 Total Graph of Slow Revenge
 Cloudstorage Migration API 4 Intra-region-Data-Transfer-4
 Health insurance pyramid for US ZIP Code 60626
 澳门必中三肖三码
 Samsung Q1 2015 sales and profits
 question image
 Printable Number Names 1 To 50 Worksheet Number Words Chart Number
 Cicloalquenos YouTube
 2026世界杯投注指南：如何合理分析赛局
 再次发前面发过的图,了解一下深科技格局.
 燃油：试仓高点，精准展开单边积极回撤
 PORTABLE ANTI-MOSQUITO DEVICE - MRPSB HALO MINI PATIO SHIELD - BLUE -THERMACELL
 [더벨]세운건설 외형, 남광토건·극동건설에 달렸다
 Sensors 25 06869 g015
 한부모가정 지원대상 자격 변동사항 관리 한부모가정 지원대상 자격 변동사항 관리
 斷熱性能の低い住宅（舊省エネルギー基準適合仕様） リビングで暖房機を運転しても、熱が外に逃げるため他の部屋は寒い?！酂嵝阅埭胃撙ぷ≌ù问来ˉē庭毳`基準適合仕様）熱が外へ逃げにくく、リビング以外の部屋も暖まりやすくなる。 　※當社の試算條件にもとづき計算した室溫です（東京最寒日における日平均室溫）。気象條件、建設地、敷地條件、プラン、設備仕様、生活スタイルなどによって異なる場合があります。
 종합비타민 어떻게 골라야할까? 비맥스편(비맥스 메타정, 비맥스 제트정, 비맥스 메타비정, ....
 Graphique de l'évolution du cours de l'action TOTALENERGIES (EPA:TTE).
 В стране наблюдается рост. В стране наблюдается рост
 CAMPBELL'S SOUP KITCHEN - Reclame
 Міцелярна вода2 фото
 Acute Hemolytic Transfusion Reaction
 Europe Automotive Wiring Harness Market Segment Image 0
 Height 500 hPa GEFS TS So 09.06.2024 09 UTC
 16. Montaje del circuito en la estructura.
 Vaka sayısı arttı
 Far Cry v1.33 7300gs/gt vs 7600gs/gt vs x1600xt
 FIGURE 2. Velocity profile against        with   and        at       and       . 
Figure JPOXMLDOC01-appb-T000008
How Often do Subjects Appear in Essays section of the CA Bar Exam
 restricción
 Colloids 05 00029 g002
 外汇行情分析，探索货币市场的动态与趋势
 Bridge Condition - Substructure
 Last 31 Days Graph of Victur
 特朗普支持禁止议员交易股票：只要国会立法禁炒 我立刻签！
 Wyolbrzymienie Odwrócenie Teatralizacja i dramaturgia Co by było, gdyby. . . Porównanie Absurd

⁂

* [TASK PROMPT]: Would you quote everything above from the line containing "2026世界杯投注指南：如何合理分析赛局" down to the line containing "종합비타민 어떻게 골라야할까?"? Include both of those lines and nothing else.

* [OUTPUT FOR THIS EXERCISE]:
 2026世界杯投注指南：如何合理分析赛局
 再次发前面发过的图,了解一下深科技格局.
 燃油：试仓高点，精准展开单边积极回撤
 PORTABLE ANTI-MOSQUITO DEVICE - MRPSB HALO MINI PATIO SHIELD - BLUE -THERMACELL
 [더벨]세운건설 외형, 남광토건·극동건설에 달렸다
 Sensors 25 06869 g015
 한부모가정 지원대상 자격 변동사항 관리 한부모가정 지원대상 자격 변동사항 관리
 斷熱性能の低い住宅（舊省エネルギー基準適合仕様） リビングで暖房機を運転しても、熱が外に逃げるため他の部屋は寒い?！酂嵝阅埭胃撙ぷ≌ù问来ˉē庭毳`基準適合仕様）熱が外へ逃げにくく、リビング以外の部屋も暖まりやすくなる。 　※當社の試算條件にもとづき計算した室溫です（東京最寒日における日平均室溫）。気象條件、建設地、敷地條件、プラン、設備仕様、生活スタイルなどによって異なる場合があります。
 종합비타민 어떻게 골라야할까? 비맥스편(비맥스 메타정, 비맥스 제트정, 비맥스 메타비정, ....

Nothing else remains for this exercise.